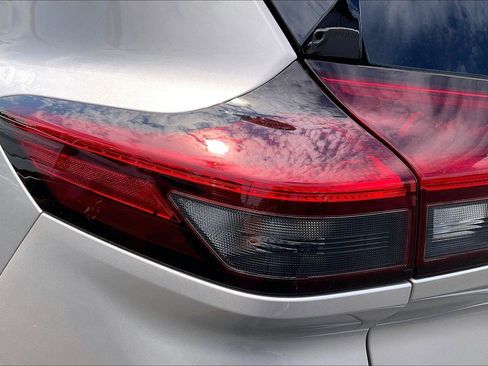 Certified 2025 Nissan Rogue SL w/ SL Premium Package FWD image 31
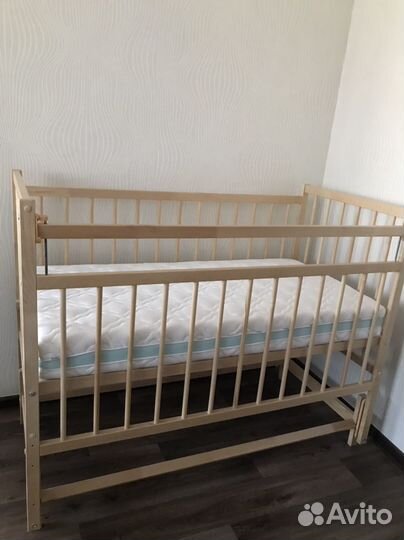 Кроватка детская
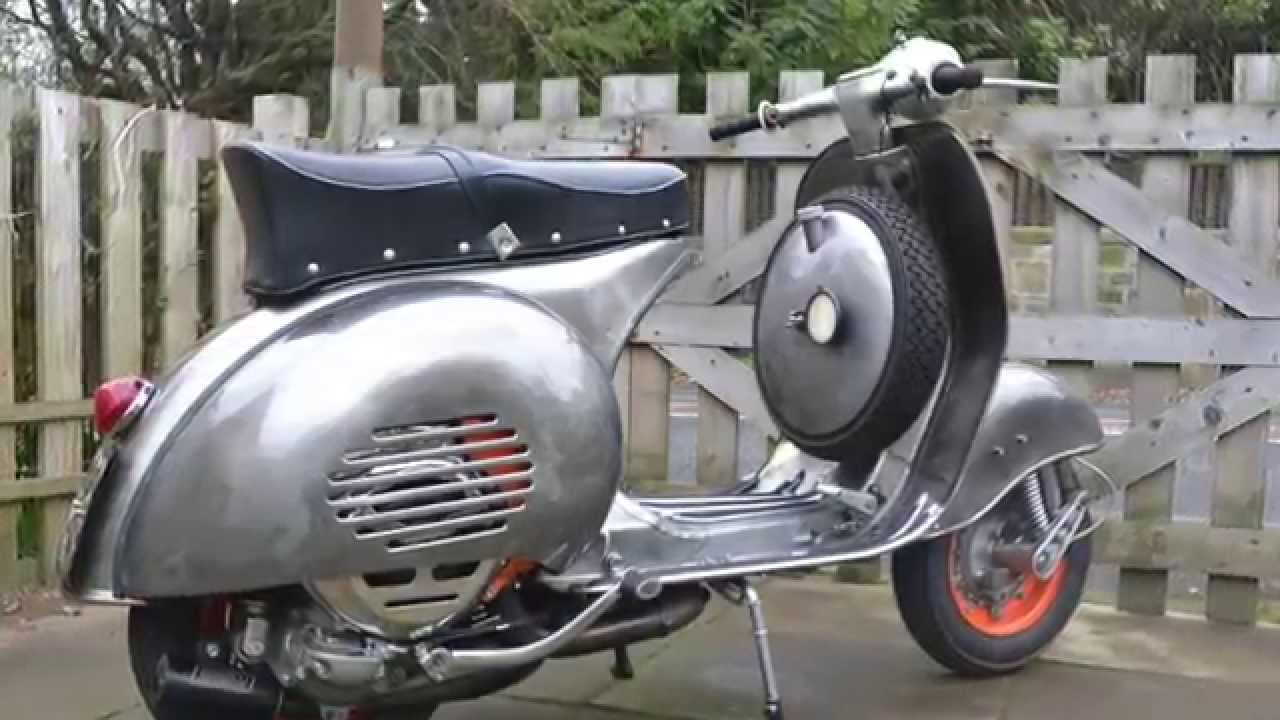Chơi xe Vespa không dễ nhất là với phái yếu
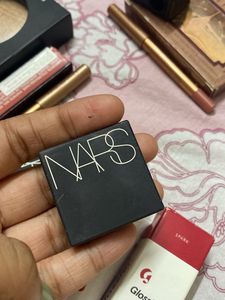 NARS mini translucent powder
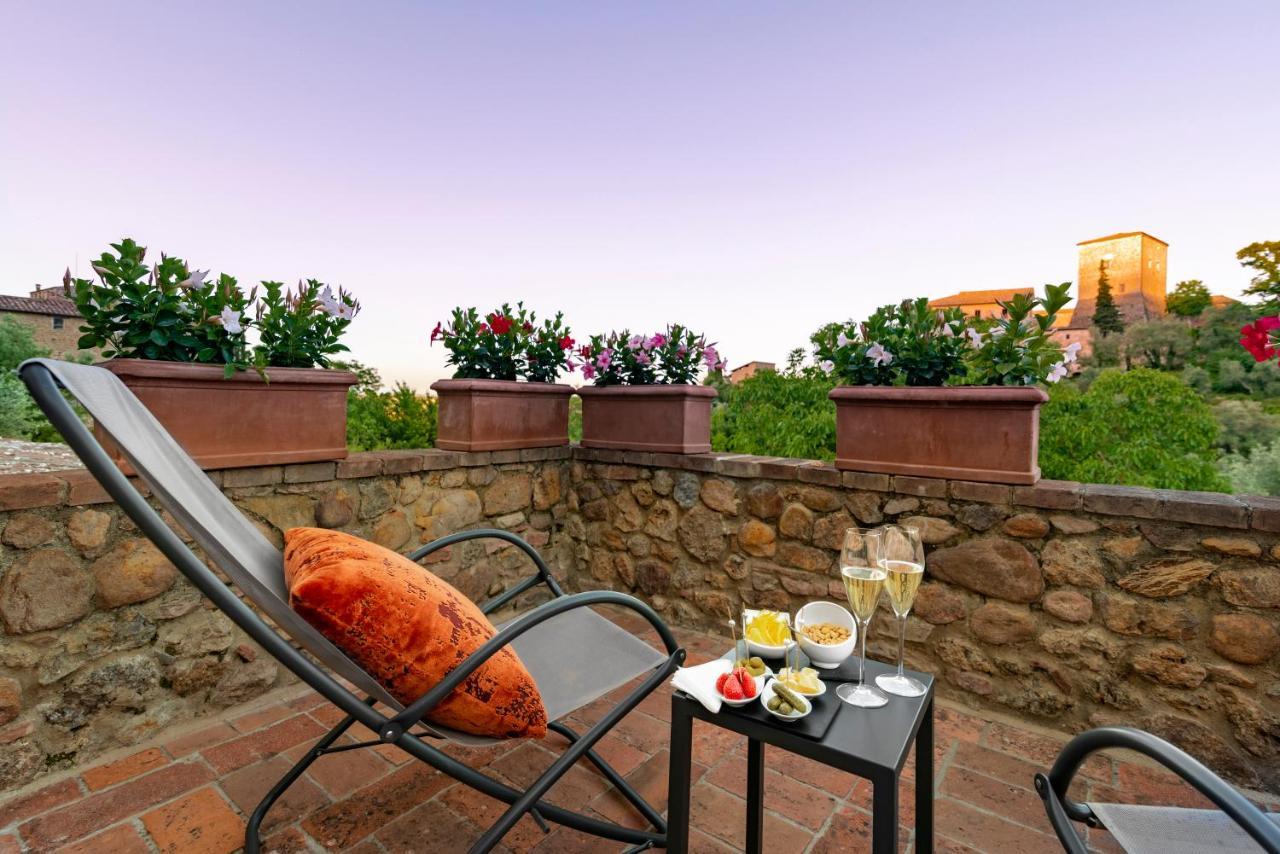 Relais Le Macine Di Stigliano Hotel Sovicille Buitenkant foto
____________
WHAT YOU HAVE TO DO: All pictures are to be dropped, and the records above returned exactly.

ANSWER TO THE EXERCISE:
 Certified 2025 Nissan Rogue SL w/ SL Premium Package FWD image 31
 Кроватка детская
Chơi xe Vespa không dễ nhất là với phái yếu
 NARS mini translucent powder
 Relais Le Macine Di Stigliano Hotel Sovicille Buitenkant foto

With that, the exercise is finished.